“The difference between a good business and a bad business is that good business throw up one easy decision after another. The bad businesses throw up painful decisions time after time.”
We all want to know how to improve our investment decision making. How do we develop a better understanding of a company, its future, and present, its products? Over the years I have read all the Letters to Shareholders of Berkshire Hathaway. I have read most of the books and articles on Warren Buffett, and his mentor Benjamin Graham, and his partner Charlie Munger. I have also listened to hours of audio from interviews via Youtube. All in the effort to gain insights into how Warren Buffett developed their “framework” for investment decisions. And how they arrive at a winning investment decision.
During my research, I came across an interview that Charlie Munger gave to the BBC which discusses his thoughts on how a framework for making better decisions when making investment decisions. You can find the video here. The comments that we will be discussing occur at 5:59 of the video.

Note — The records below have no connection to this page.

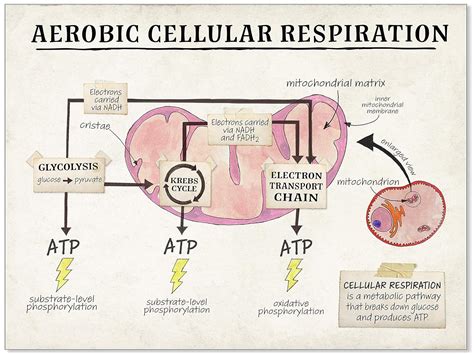 Process Of Aerobic Respiration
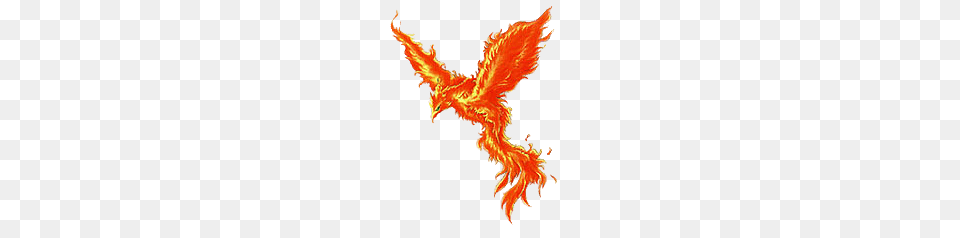 Phoenix Breath Of Fire, Dragon, Animal, Fish, Sea Life Free Png
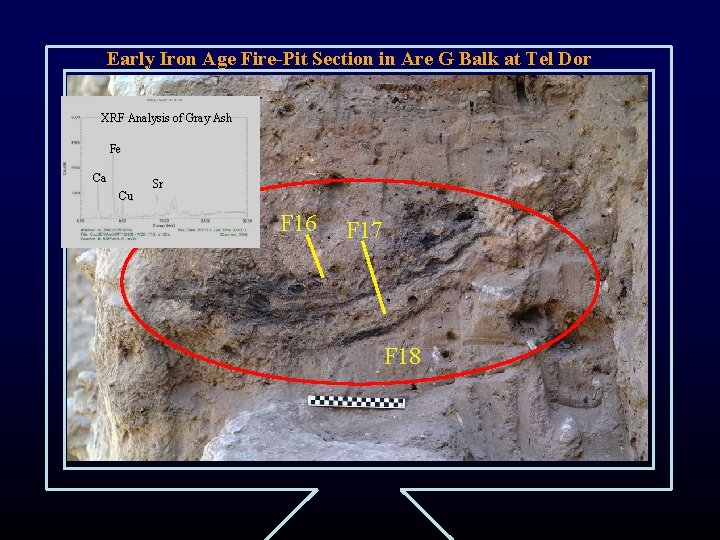 Early Iron Age Fire-Pit Section in Are G Balk at Tel Dor XRF Analysis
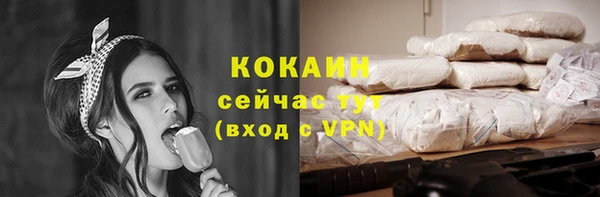 гашик Касимов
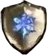 Wintershield icon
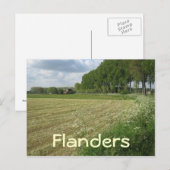 Carte Postale Champs de Flandre (Devant / Derrière)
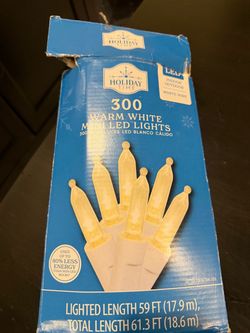 Led soft white Christmas light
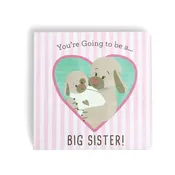 Big Sister Book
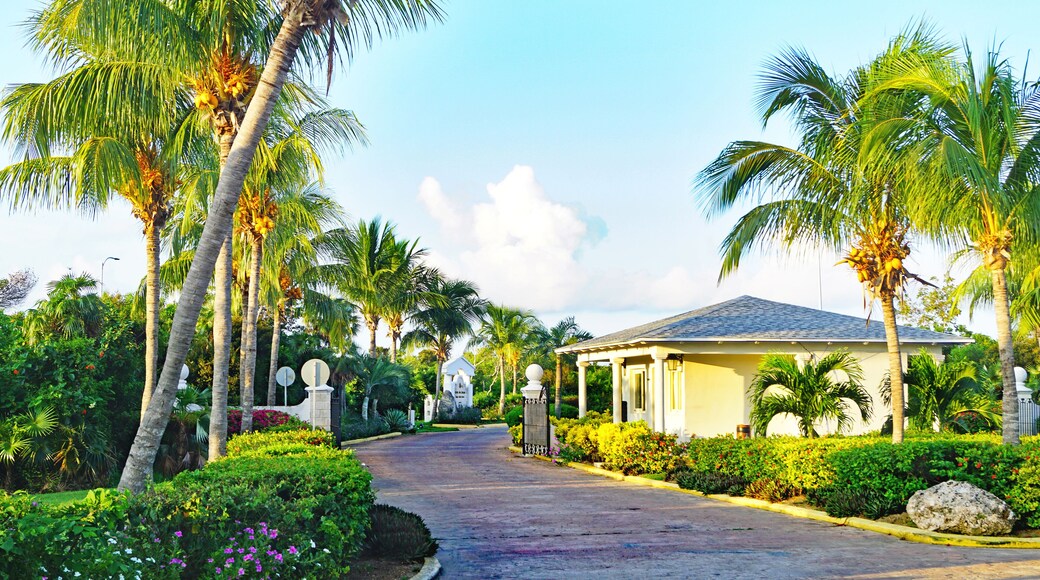 ๊ทธ๋ก๋ธ ์ํฐ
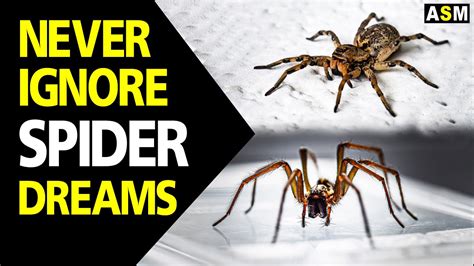 Understanding the Personal Significance of Your Spider Dream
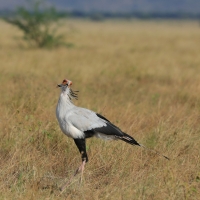 Sekretarz - Sagittarius serpentarius - Secretary-bird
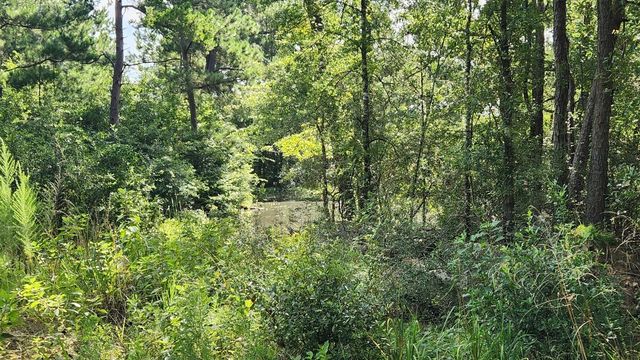 TBD Walker Ln Lane, Huntsville, TX 77320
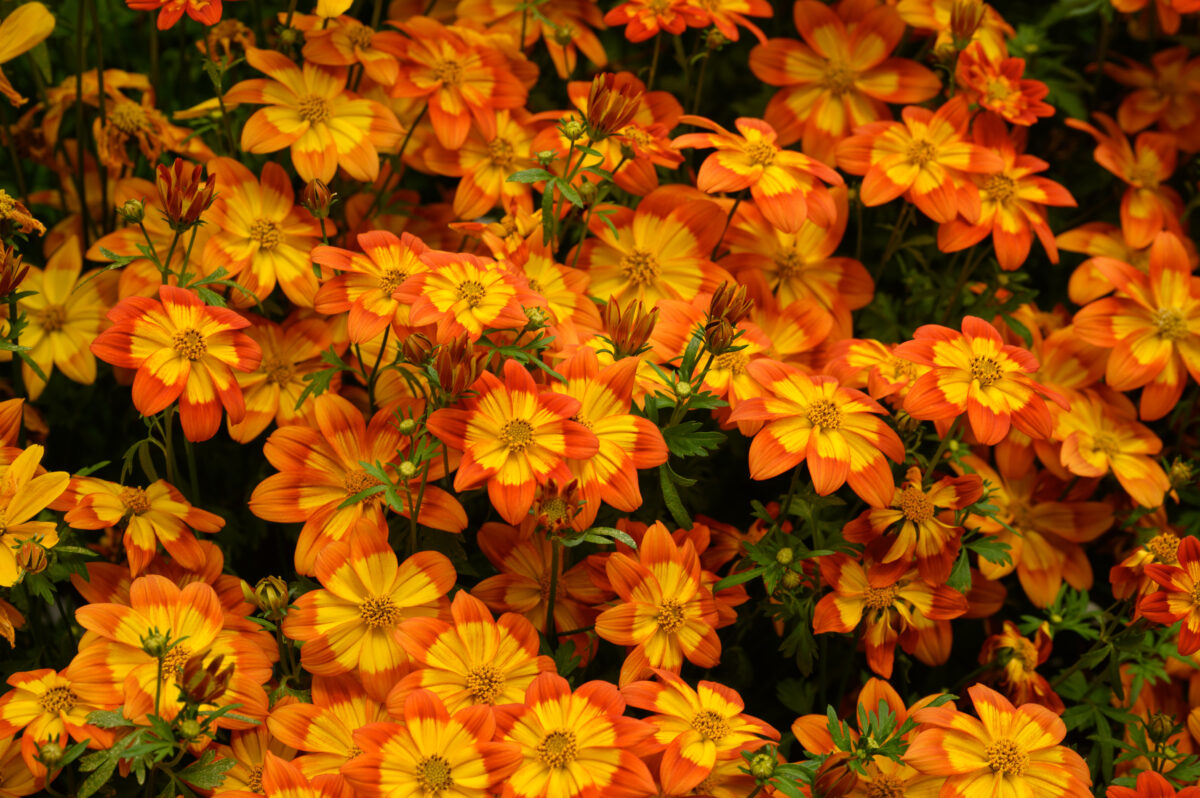 Blazing™ Embers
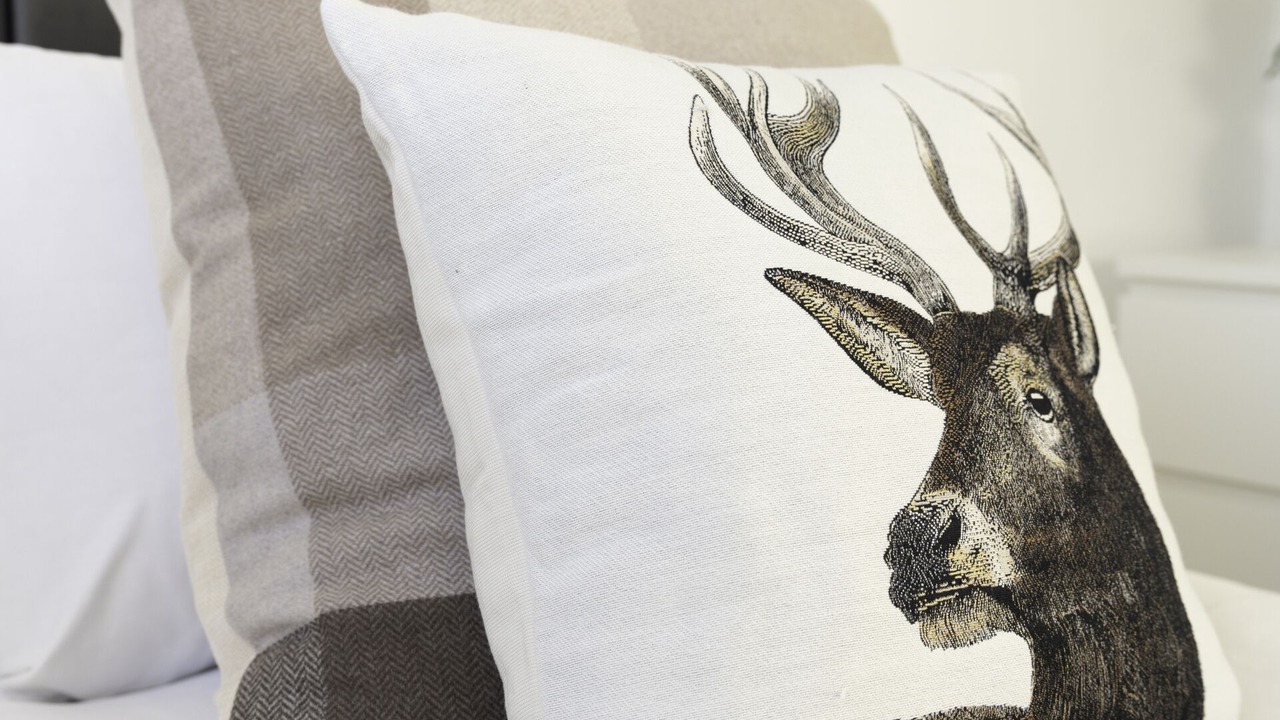 Photo of Others in Clydebank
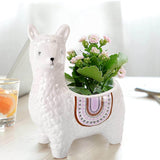 Ceramic Alpaca Flower Pot Decorative Design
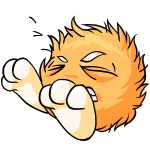 Orange Jubjub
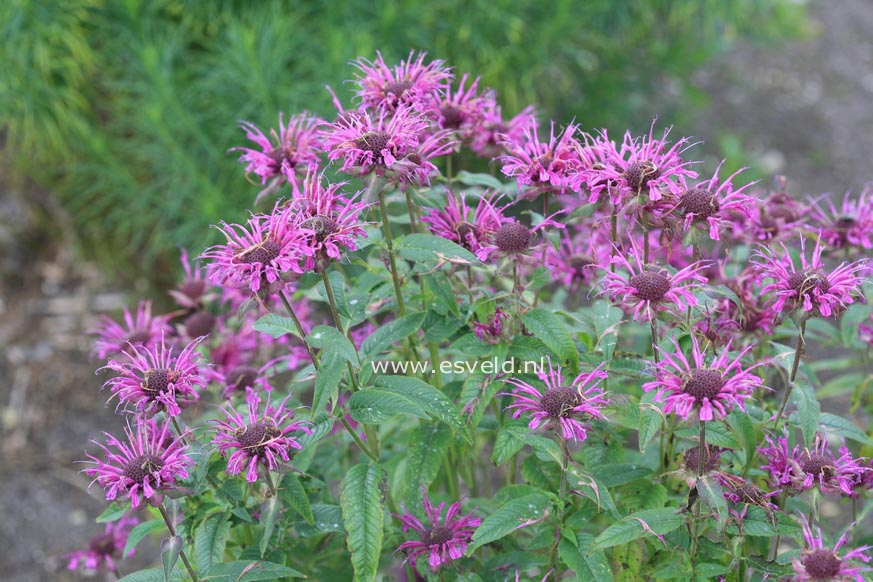 Monarda 'Scorpion'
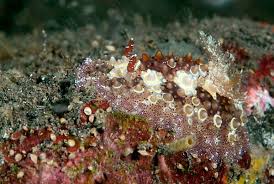 Attēlu rezultāti vaicājumam “Lindbladia tubulina spores”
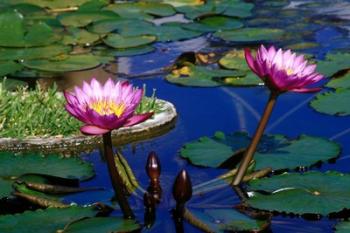 Water Lillies in Reflecting Pool at Palm Grove Gardens, Barbados | Obraz na stenu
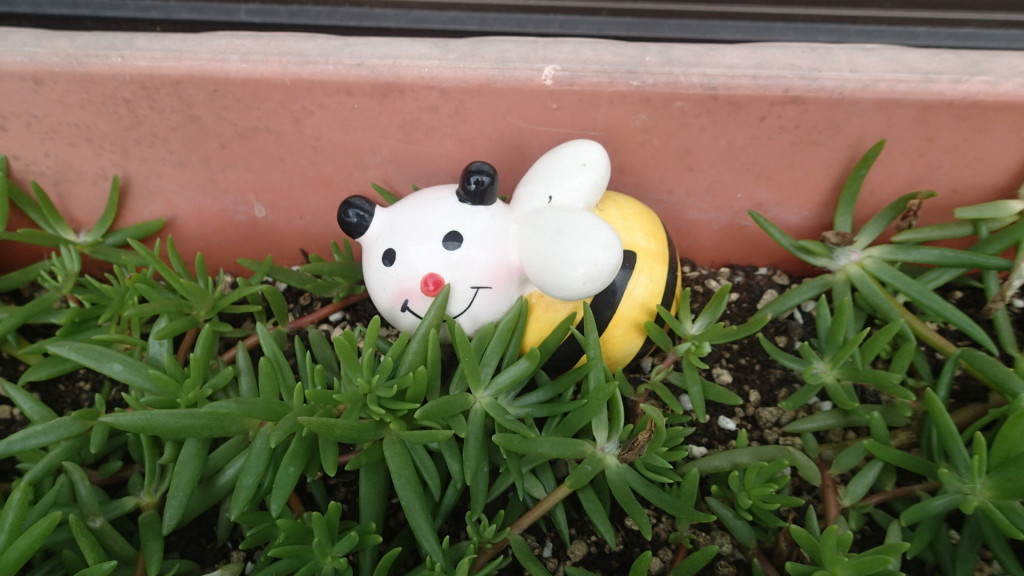 立ち止まったら、いいもの見つけて、ウフゥってなります。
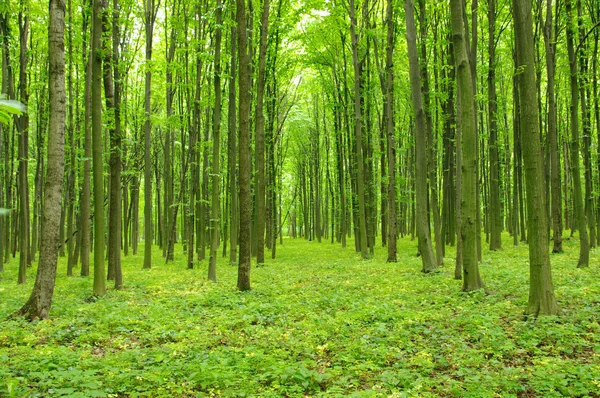 Bomen in een groen bos — Stockfoto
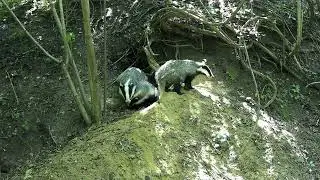 How European Badgers Live. Behaviour Documentary from Transylvania. Update 53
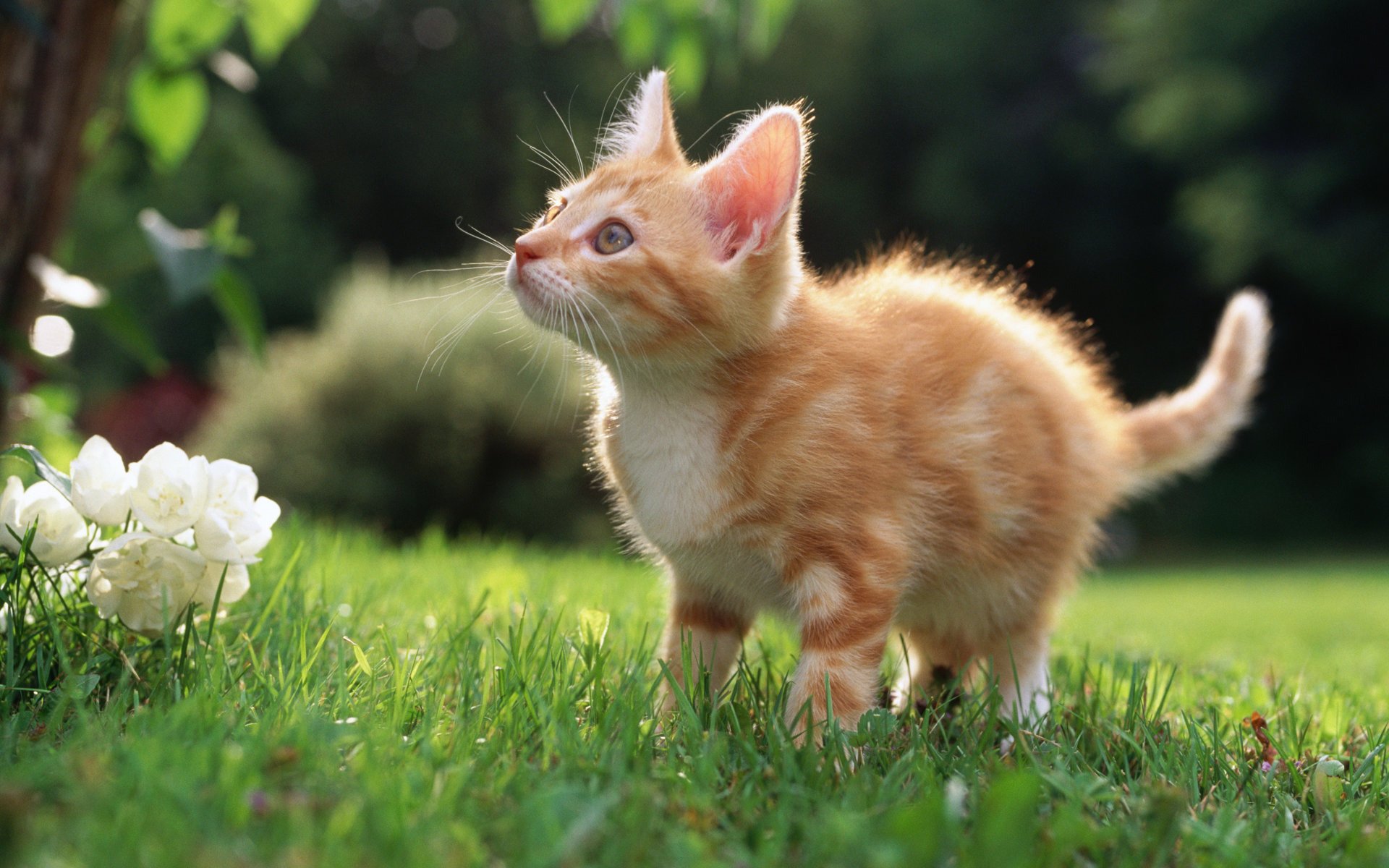 Грустный котенок на лужайке загрузить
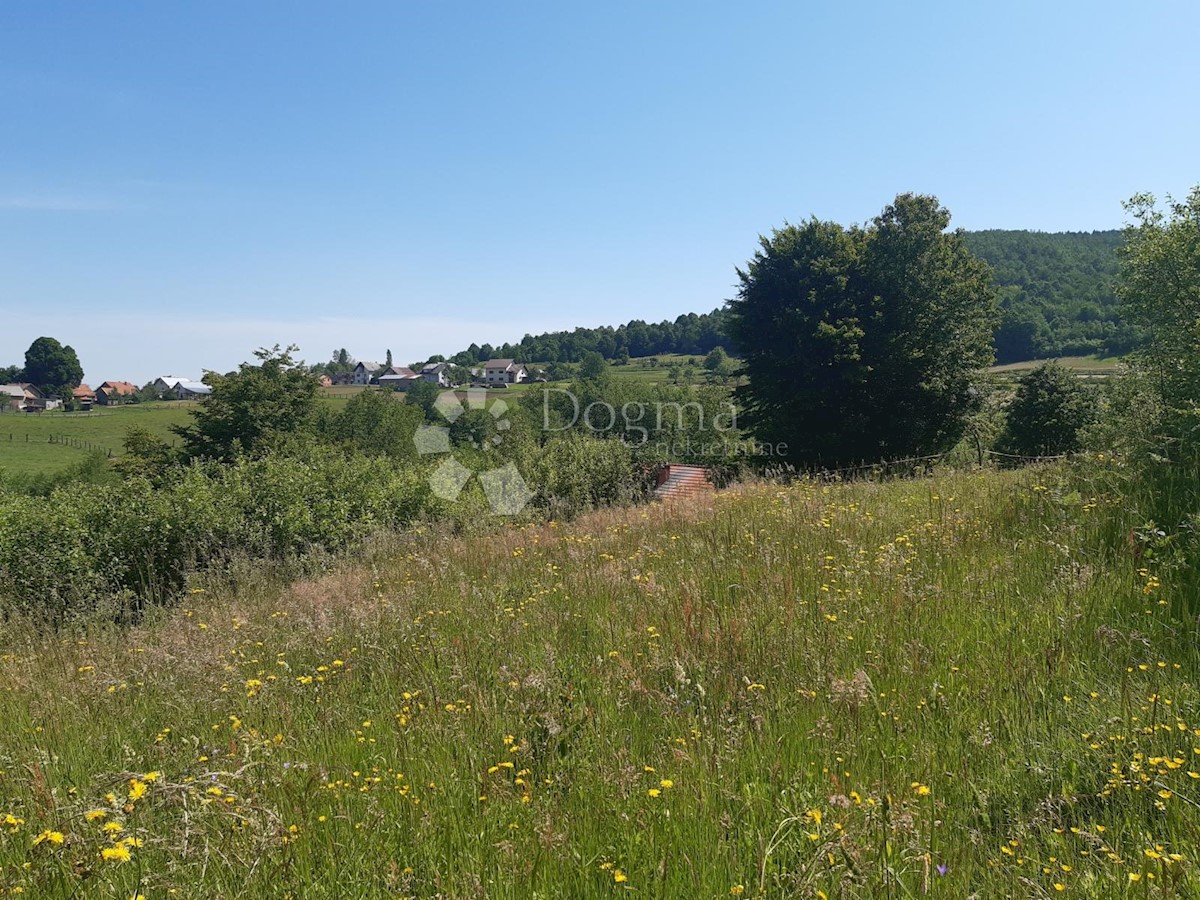 Zemljište Na prodaju - KARLOVAČKA  OGULIN 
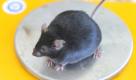 Eine dicke Maus mit einem Gewicht von 49,2 Gramm sitzt bei einer wissenschaftlichen Untersuchung zur Fettleibigkeit auf einer Waage. Foto: dpa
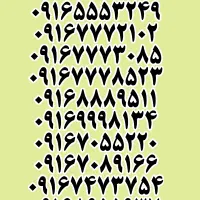 ۰۹۱۶.۸۸۸.۹۵۱۱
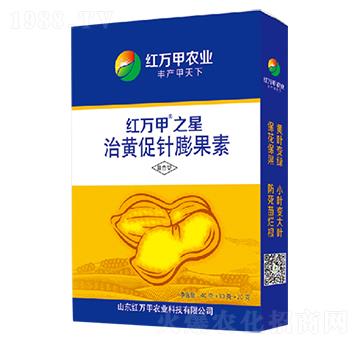 ���S��������-�t�f��֮��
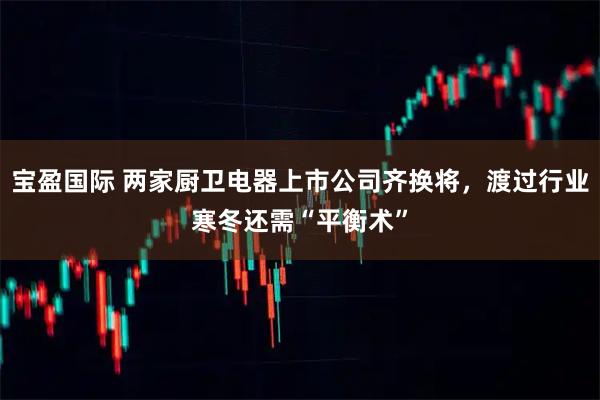 宝盈国际 两家厨卫电器上市公司齐换将，渡过行业寒冬还需“平衡术”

The framework is called the Four Filters, and it first appeared in the 1977 Letters to Shareholders in this form.
“We select our marketable securities in much the same way we would evaluate a business for acquisition in its entirety. We want the business to be (1) one that we can easily understand, (2) with favorable long-term prospects, (3) operated by honest and competent people, and (4) available at an attractive price.”
Warren and Charlie have repeated this outline over the years, and they have utilized it to help frame all of their investment decisions.
Warren and Charlie invented an investment formula that is underappreciated by the business community. This formula is a guideline that is followed by arguably the most successful investors of our generation. It deserves to be studied more thoroughly than it has thus far.
The formula is an innovation that uses both quantitative and qualitative properties to help ensure that we find the best investments and avoid making painful mistakes. If you follow the framework, it will help you raise the odds of your investment success.
Here are Charlie’s comments from the BBC interview.
“We have to deal with things that we are capable of understanding, and then, once we are over that filter we need to have a business with some characteristics that give us a durable competitive advantage and then, of course, we would vastly prefer management in place with a lot of integrity and talent and finally, no matter how wonderful it is, it’s not worth an infinite price. We have to have a price that makes sense and gives us a margin of safety considering the normal vicissitudes of life.”
You can find the transcript here.
Filter number one: Develop an understanding of the business.
Warren Buffett said it perfectly. “Seek whatever information will further your understanding of the business.”
Charlie is a huge proponent of developing checklists to help him make better decisions, for each company, he develops a checklist to keep him on track. The reason for a different checklist is that every company is different and have different guidelines to follow.
Charlie developed a system of “latticework of mental models” to help him sort through his thoughts and ideas. He used these models to help him think better.
Munger has come to the conclusion that to make better decisions in business and life you need to find and understand the core principles from all disciplines.
In short, learn all the big ideas and how the interrelate and better, more rational thinking will naturally follow.
That is what he calls Elementary Worldly Wisdom, and using his Mental Models can help you succeed in almost any endeavor. This topic could be a blog post on its own but for our purposes today, let’s consider that Munger uses these models to help him understand a business more fully so that he can make a decision about whether or not to invest in it.
So how does this help us understand a company?
Step one is to read, read, read all that you can about the company. Shareholder letters, letters from the CEO, 10k filings, 10Q filings. Go to the website and read about all of their products. Look at any references to competitors and read about them. Just about every industry has a newsletter or magazine that follows that particular industry, read those publications for knowledge about the different trends, products, and services that other companies offer.
We do this to get a better understanding of how the company operates, what they produce and who they sell it too. Think about anything you buy for your personal use. Do you buy a cell phone you don’t understand how to use? No way. Think about how these types of decisions affect our buying habits.
These are the types of information we need to digest as we learn more about a particular company. I will give you an example; recently I was looking at a company that produces railroad cars. A pretty simple straightforward business but I noticed something in a 10k that I was reading that mentioned that they were solely dependent on steel as their main resource they used in all of their products. That got me to thinking about the price of steel and how it could affect their business, so I researched more about that particular field because I knew nothing about steel. I came to learn that steel is an extremely volatile commodity that has huge price swings, which would obviously affect this company I was researching. And sure enough, as I learned more about steel pricing and tracked the downturns in steel I noticed that coincided with a downturn in the price of the company.
The first step when looking into a company is to look at their website to get a feel for the company and what they do. Look at their product list and see if they are things you understand.
The second step is to read the 10k filings. These are incredibly important documents and very insightful looks into the minds of the people who run the businesses. It is also a great place to learn more about the company and give you a rundown of what they do. If after reading the first part of the 10k outlining the business and you don’t understand it, move on.
If you do understand the business, then continue looking at the financial filings.
When you read the company’s 10k reports you need to go back at least five years; the same goes for the 10q reports as well. Read them from the oldest to the more recent. It gives you a feel for the flow of the business, how the management handles their decisions and following through with their stated agendas. You can also learn a lot from the tenor of the reports as well.